The authorization server would be responsible to issue access tokens to your client application and, eventually, manage users and roles.
The resource server would host the protected resource, accepting access tokens released by the authorization server.
Looking at your infrastructure your Identity API would be the authorization server and Product API would be your resource server.
The authorization server needs to configure and use an implementation of OAuthAuthorizationServerProvider
.
In your startup you would do something like this:
app.UseCors(Microsoft.Owin.Cors.CorsOptions.AllowAll);
var OAuthOptions = new OAuthAuthorizationServerOptions
{
AllowInsecureHttp = true,
TokenEndpointPath = new PathString("/oauth/Token"),
AccessTokenExpireTimeSpan = TimeSpan.FromHours(8),
Provider = new MyAuthorizationServerProvider(),
// RefreshTokenProvider = new MyRefreshTokenProvider(DateTime.UtcNow.AddHours(8))
};
app.UseOAuthAuthorizationServer(OAuthOptions);
app.UseOAuthBearerAuthentication(new OAuthBearerAuthenticationOptions());
As you can see I've used MyAuthorizationServerProvider
as custom provider for the authentication.
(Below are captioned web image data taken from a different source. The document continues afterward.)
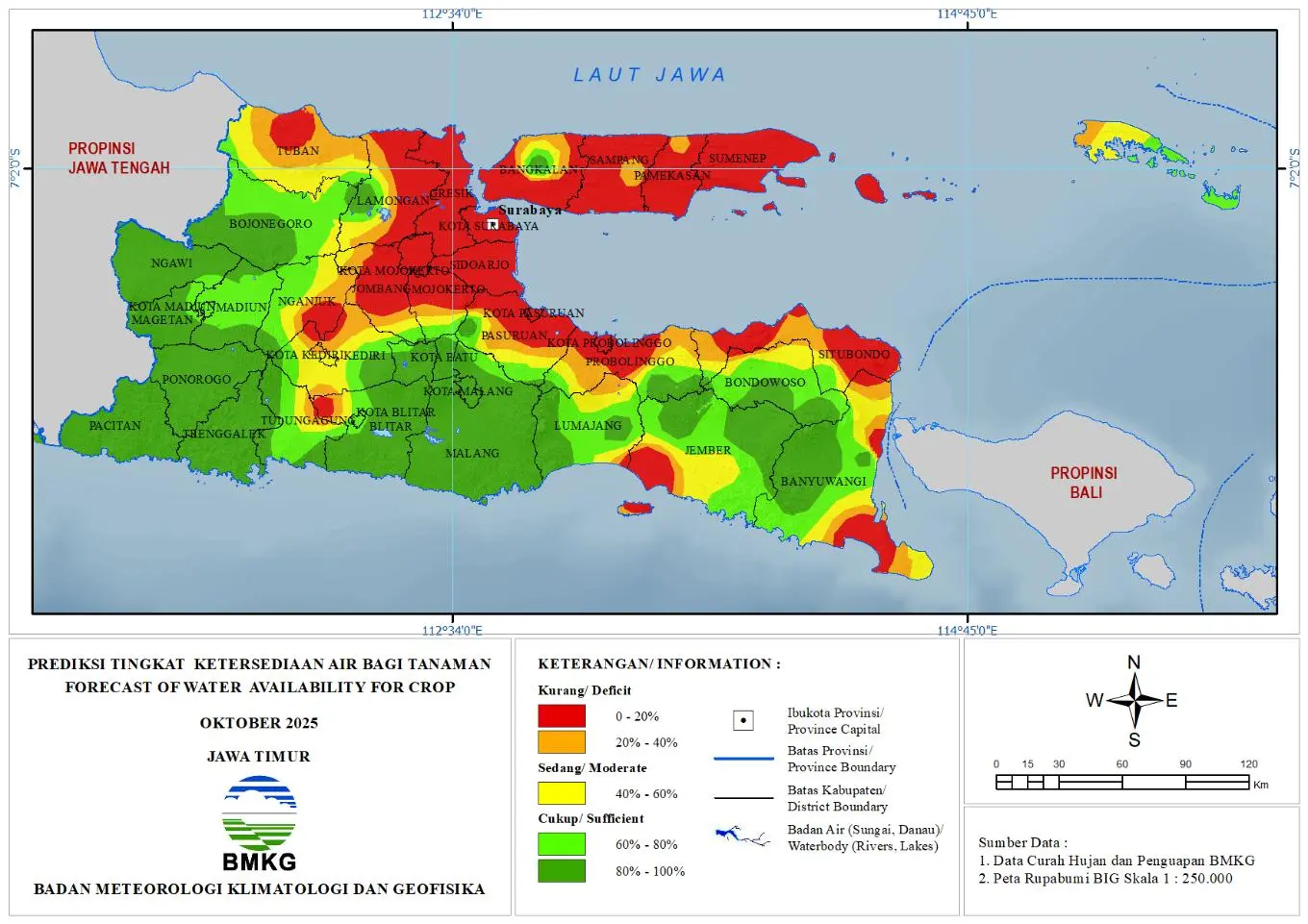 ( Prediksi - Bulanan ) Tingkat Ketersediaan Air Bagi Tanaman di Jawa Timur Untuk Bulan OKTOBER Tahun 2025 Update dari Analisis Bulan Juli Tahun 2025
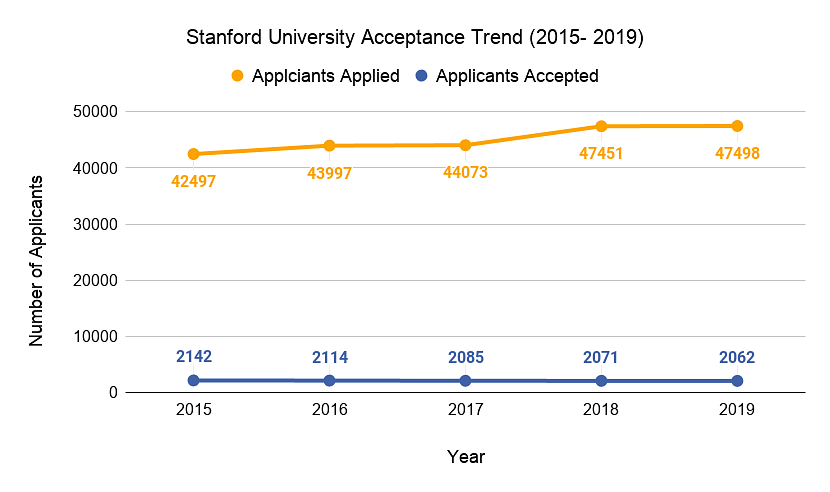 stanford phd economics acceptance rate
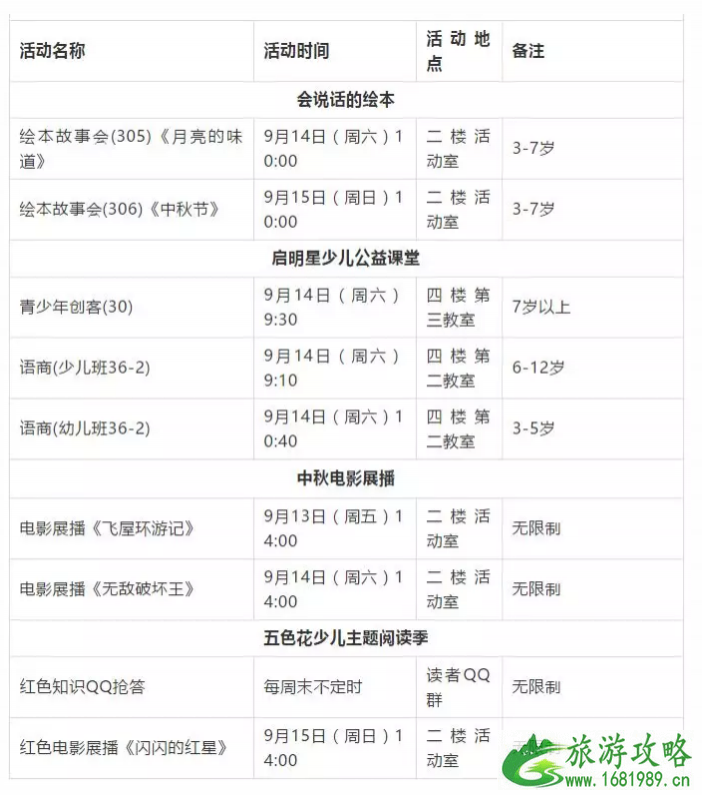 2022中秋济南景区活动+图书馆活动+天气情况+交通拥堵信息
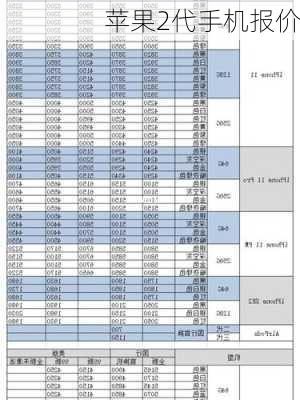 苹果2代手机报价-第3张图片-模头数码科技网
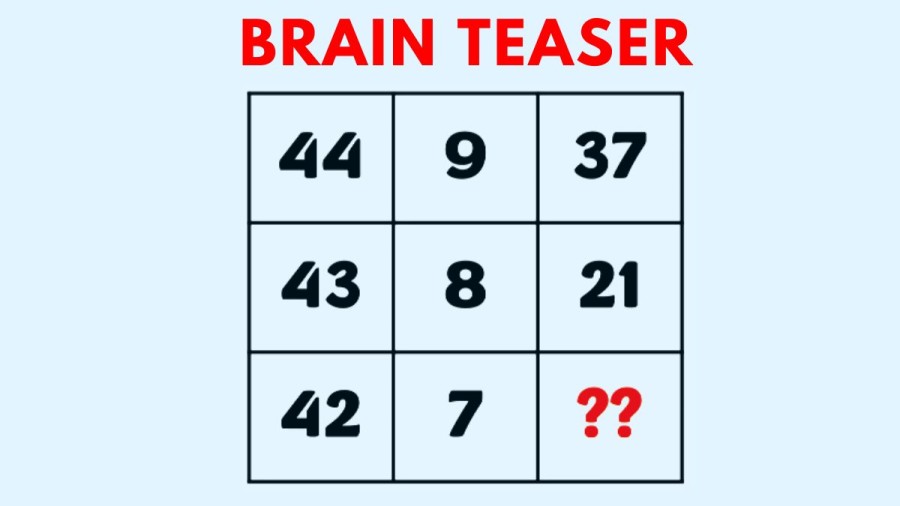 Brain Teaser: If You have a Top IQ then You can Solve this Math Puzzle under 30 Secs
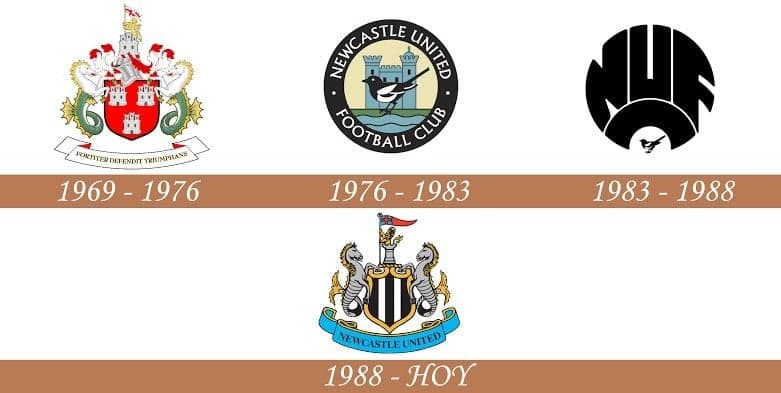 História dos escudos do Newcastle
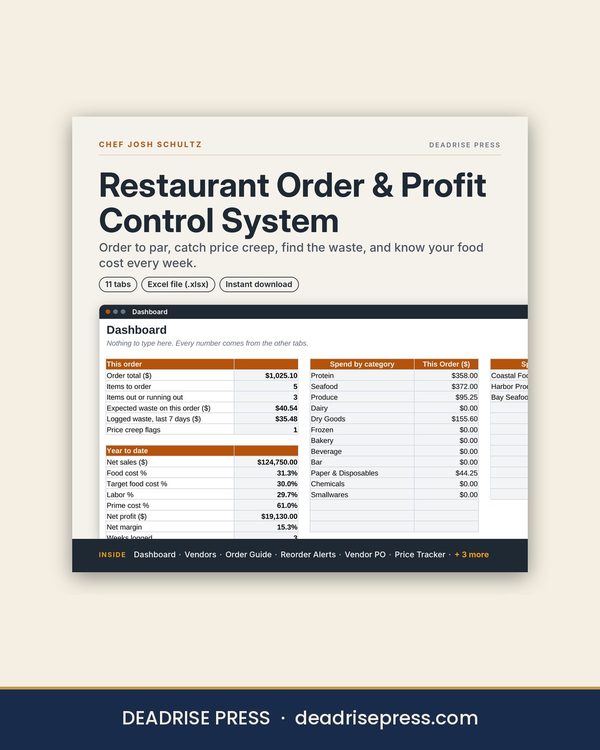 Cover of Restaurant Order & Profit Control System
It is responsible to validate the client ( ValidateClientAuthentication
) and grant the authorization to access the resource ( GrantResourceOwnerCredentials
).
GrantResourceOwnerCredentials
will check if the credentials of the client (username & password) are valid and release a valid token:
var ticket = new AuthenticationTicket(identity, props);
context.Validated(ticket);
The AuthenticationTicket
receives a ClaimsIdentity
object and a collection of AuthenticationProperties
.
You would normally add the username claim and the roles here:
ClaimsIdentity identity = new ClaimsIdentity(context.Options.AuthenticationType);
identity.AddClaim(new Claim(ClaimTypes.Name, context.UserName));
identity.AddClaim(new Claim(ClaimTypes.Role, "Users"));
and, eventually, other types of claims you might want to use.
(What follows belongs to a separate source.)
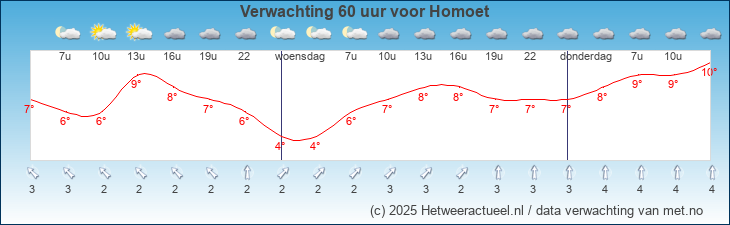 Korte termijn verwachting Homoet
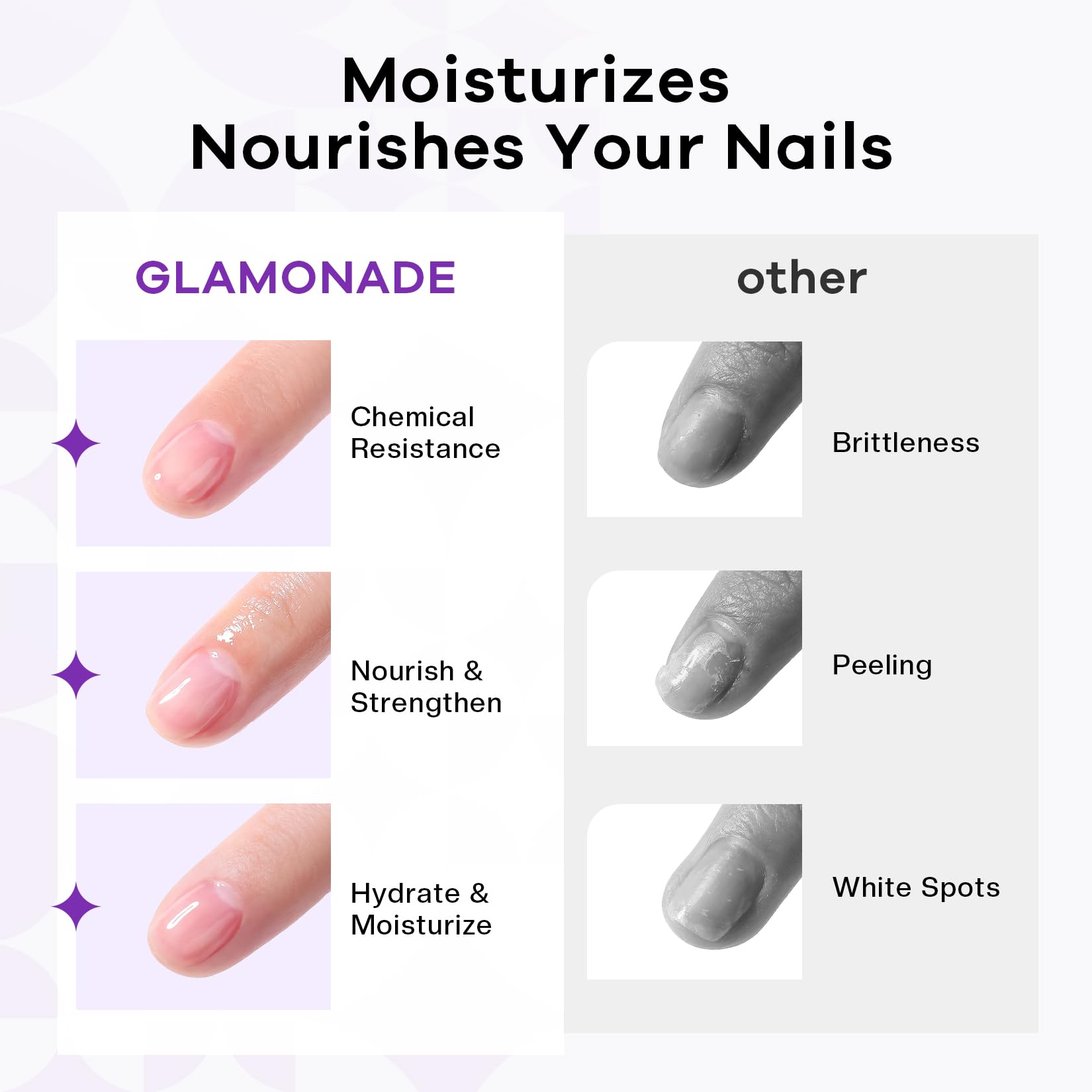 Glamonade shake-before-use instruction image indicating nutrient absorption.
The AuthenticationProperties
collection would define your extended info you want to pass to the client:
var props = new AuthenticationProperties(new Dictionary<string, string>
{
{
"name", "John"
},
{
"surname", "Smith"
},
{
"age", "40"
},
{
"gender", "Male"
}
});
You can check this github repo to have a look at the implementation.
Your resource server, the RESTful APIs responsible to manage your business info, won't have to re-implement the whole authorization/authentication layer.
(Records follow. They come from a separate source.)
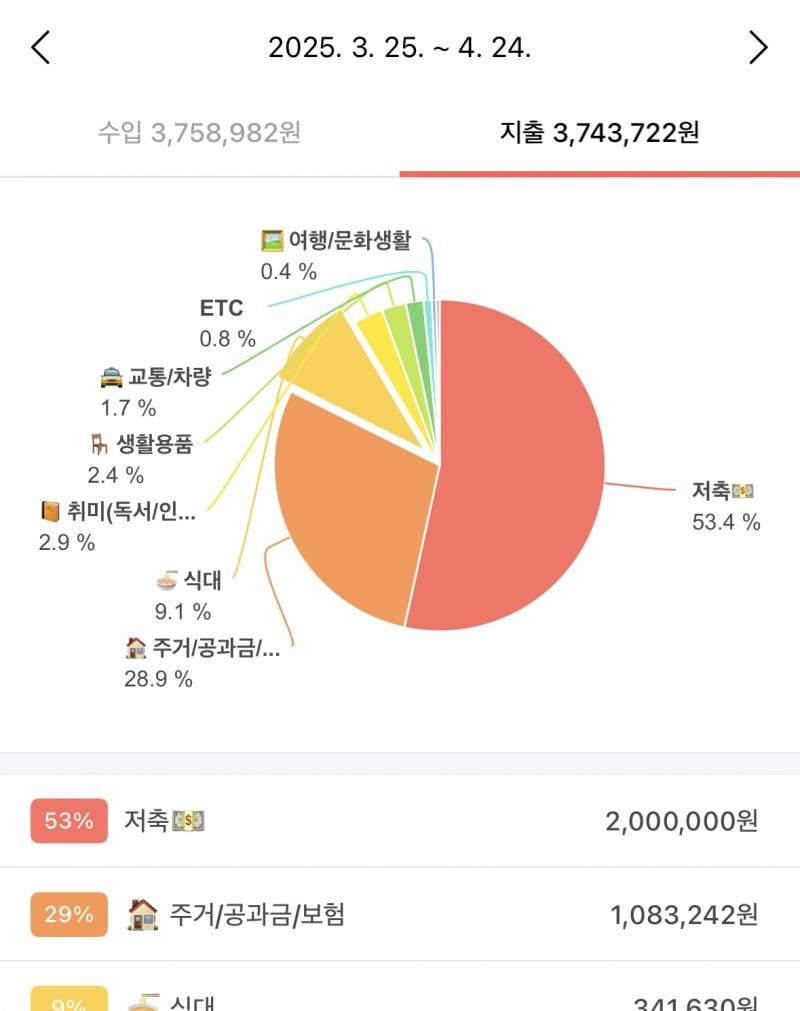 [잡담] 저축을 월급에 70%해야 잘하는거임?ㅠㅠ | 인스티즈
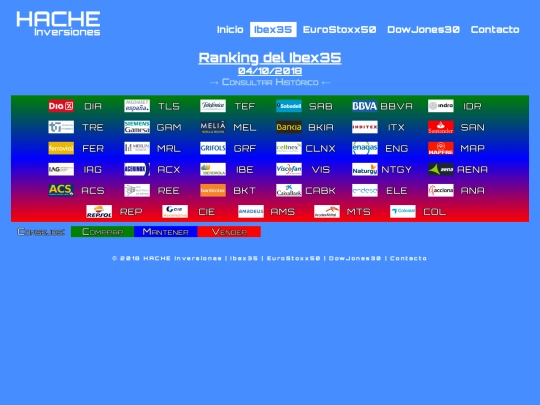ran-ib20181004 screenshot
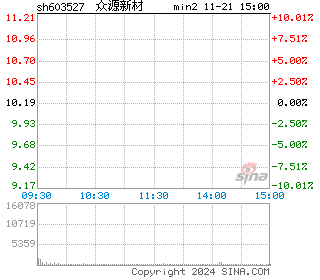 众源新材分时图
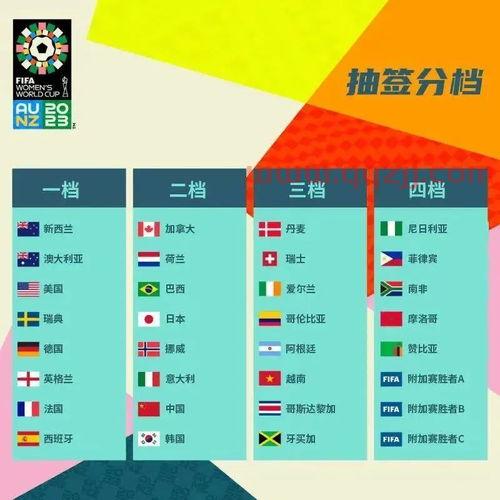 中国队对意大利队赛程(中国队对意大利直播)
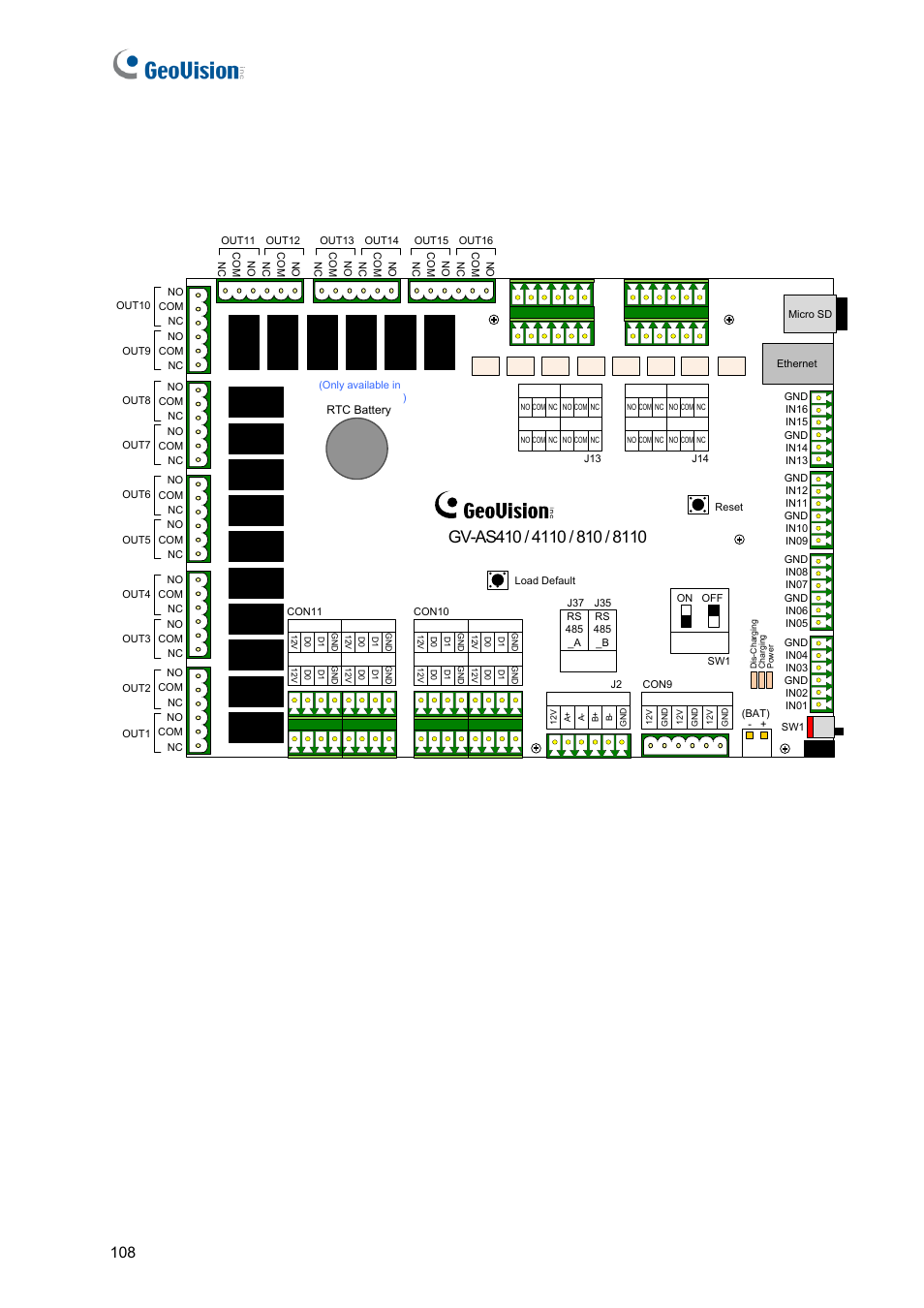 3 gv-as410 / 4110/ 810 / 8110 board layout, Figure 5-1 | GeoVision GV-AS2120 IP Control Panel User Manual | Page 110 / 230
In your startup ( Product API ) you would simply instruct the api to use and consume bearer tokens:
public void Configuration(IAppBuilder app)
{
HttpConfiguration config = new HttpConfiguration();
OAuthBearerAuthenticationOptions OAuthBearerOptions = new OAuthBearerAuthenticationOptions();
app.UseOAuthBearerAuthentication(OAuthBearerOptions);
WebApiConfig.Register(config);
app.UseCors(Microsoft.Owin.Cors.CorsOptions.AllowAll);
app.UseWebApi(config);
}
And your protected resource would be something like this:
[Authorize(Roles = "Users")]
public class ProductsController : ApiController
{
public Models.Product GetProduct(string id)
{
var identity = User.Identity as ClaimsIdentity;
return new Models.Product();
}
}
As you can see I've used the Authorize
attribute cause I only want to authorize a certain type of user.
NOTE:
If you want to host the authorization server and the resource server on to different machines, you have to make sure you're sharing the same machineKey
on both server or the resource server won't be able to decrypt the bearer token released by authorization server :
<system.web>
<compilation debug="true" targetFramework="4.5" />
<httpRuntime targetFramework="4.5" />
<machineKey validationKey="VALUE GOES HERE"
decryptionKey="VALUE GOES HERE"
validation="SHA1"
decryption="AES"/>
</system.web>
I would suggest you to read this article to find a really good explanation about all the pieces involved.
Taisser also as another article where he goes through the same process using Json Web Tokens to achieve the same result.